We can formulate the expected reward as

\[\mathbb{E}_{q_{\hat{\theta}}}\left[r\left(y_{t}\right) | x_{t}=x\right]=\sum_{o} q_{\hat{\theta}}(o | x) r(o)\]

and the conditional distribution as

\[\mathbb{P}_{p, q}\left(\theta=u | x_{t}, y_{t}\right)=\frac{p(u) q_{u}\left(y_{t} | x_{t}\right)}{\sum_{v} p(v) q_{v}\left(y_{t} | x_{t}\right)}\]

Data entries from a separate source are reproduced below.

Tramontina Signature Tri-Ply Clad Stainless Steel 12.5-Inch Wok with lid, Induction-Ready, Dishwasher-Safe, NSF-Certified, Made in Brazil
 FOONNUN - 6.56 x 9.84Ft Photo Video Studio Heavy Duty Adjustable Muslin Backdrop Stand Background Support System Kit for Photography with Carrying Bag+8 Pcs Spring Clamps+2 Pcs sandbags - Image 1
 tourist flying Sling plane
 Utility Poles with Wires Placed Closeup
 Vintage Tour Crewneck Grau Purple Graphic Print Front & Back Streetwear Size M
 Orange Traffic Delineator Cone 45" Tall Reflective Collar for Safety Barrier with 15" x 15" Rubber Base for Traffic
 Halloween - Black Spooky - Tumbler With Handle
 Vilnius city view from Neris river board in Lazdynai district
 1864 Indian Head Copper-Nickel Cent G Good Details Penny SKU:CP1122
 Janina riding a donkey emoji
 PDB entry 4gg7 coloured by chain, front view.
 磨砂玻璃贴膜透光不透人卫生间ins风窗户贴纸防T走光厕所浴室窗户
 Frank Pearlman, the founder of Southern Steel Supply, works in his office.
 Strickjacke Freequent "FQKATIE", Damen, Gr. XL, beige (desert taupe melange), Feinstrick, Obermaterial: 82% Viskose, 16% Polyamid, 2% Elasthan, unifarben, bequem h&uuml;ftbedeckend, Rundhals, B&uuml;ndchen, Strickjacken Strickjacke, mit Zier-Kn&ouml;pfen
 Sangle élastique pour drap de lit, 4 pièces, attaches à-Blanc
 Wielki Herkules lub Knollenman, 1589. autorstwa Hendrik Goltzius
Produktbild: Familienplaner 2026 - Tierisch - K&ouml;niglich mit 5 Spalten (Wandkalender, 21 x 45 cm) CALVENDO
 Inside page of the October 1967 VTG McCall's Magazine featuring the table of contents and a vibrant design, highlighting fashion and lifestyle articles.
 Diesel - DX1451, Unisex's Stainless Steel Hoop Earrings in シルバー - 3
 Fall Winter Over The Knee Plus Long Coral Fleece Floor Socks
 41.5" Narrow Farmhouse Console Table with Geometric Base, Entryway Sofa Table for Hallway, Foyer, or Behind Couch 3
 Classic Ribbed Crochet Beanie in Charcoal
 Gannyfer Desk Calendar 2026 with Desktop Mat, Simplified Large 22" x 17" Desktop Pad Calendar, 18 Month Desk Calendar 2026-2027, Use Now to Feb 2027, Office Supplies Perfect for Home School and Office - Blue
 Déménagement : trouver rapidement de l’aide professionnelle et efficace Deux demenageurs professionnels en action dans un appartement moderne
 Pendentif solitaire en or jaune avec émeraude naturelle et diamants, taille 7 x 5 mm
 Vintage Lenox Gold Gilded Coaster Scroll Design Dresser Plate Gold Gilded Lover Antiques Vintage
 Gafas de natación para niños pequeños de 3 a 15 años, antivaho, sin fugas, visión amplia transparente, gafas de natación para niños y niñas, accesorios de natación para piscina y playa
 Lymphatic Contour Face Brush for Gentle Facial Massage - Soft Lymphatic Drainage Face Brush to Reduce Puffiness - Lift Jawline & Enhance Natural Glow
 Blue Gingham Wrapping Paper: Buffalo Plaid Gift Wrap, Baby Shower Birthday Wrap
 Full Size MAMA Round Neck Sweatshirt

Specifically, in Bernoulli bandit,

$\mathcal{X} = {1,\cdots, K}$
only rewards are observed, that is $y_t = r_t \in {0, 1}$
observations and rewards are modeled by conditional probabilities $q_{\theta}(1 \mid k) = \theta_k$ and $q_{\theta}(0 \mid k) = 1 - \theta_{k}$
the prior distribution of $\theta$ is beta distribution with vectors $\alpha$ and $\beta$

Greedy vs TS

The greedy algorithm and Thompson sampling differ in the way they generate model parameters $\hat{\theta}$ , which effects the observations and rewards.

    
\begin{algorithm}
\caption{General Greedy}
\begin{algorithmic}
\PROCEDURE{Greedy}{$\mathcal{X}, p, q, r$}
    \FOR{$t=1,2,\cdots$ }
            \STATE Sample $\hat{\theta} \sim \mathbb{E}_p[\theta]$ 
    \STATE $x_t \leftarrow \arg\max_{x \in \mathcal{X}} \mathbb{E}_{q_{\hat{\theta}}}\left[r\left(y_{t}\right) | x_{t}=x\right]$  
	\STATE Apply $x_t$ and observe $r_t$ 
	\STATE $p \leftarrow \mathbb{P}_{p, q}\left(\theta\in \cdot | x_{t}, y_{t}\right) $
    \ENDFOR
\ENDPROCEDURE
\end{algorithmic}
\end{algorithm}

The greedy algorithm estimate $\hat{\theta}$ to be the expectation of $\theta$ with respect to the distribution $p$ at each time stamp, while TS draws a random sample from $p$.

    
\begin{algorithm}
\caption{General Thompson Sampling}
\begin{algorithmic}
\PROCEDURE{Thompson}{$\mathcal{X}, p, q, r$}
    \FOR{$t=1,2,\cdots$ }
            \STATE Sample $\hat{\theta} \sim p$ 
    \STATE $x_t \leftarrow \arg\max_{x \in \mathcal{X}} \mathbb{E}_{q_{\hat{\theta}}}\left[r\left(y_{t}\right) | x_{t}=x\right]$  
	\STATE Apply $x_t$ and observe $r_t$ 
	\STATE $p \leftarrow \mathbb{P}_{p, q}\left(\theta\in \cdot | x_{t}, y_{t}\right) $
    \ENDFOR
\ENDPROCEDURE
\end{algorithmic}
\end{algorithm}

Example: Online Shortest Path

An agent commutes from home to work every morning. She would like to commute along the path that requires the least average travel time, but she is uncertain of the travel time along different routes. How can she learn efficiently and minimize the total travel time over a large number of trips ?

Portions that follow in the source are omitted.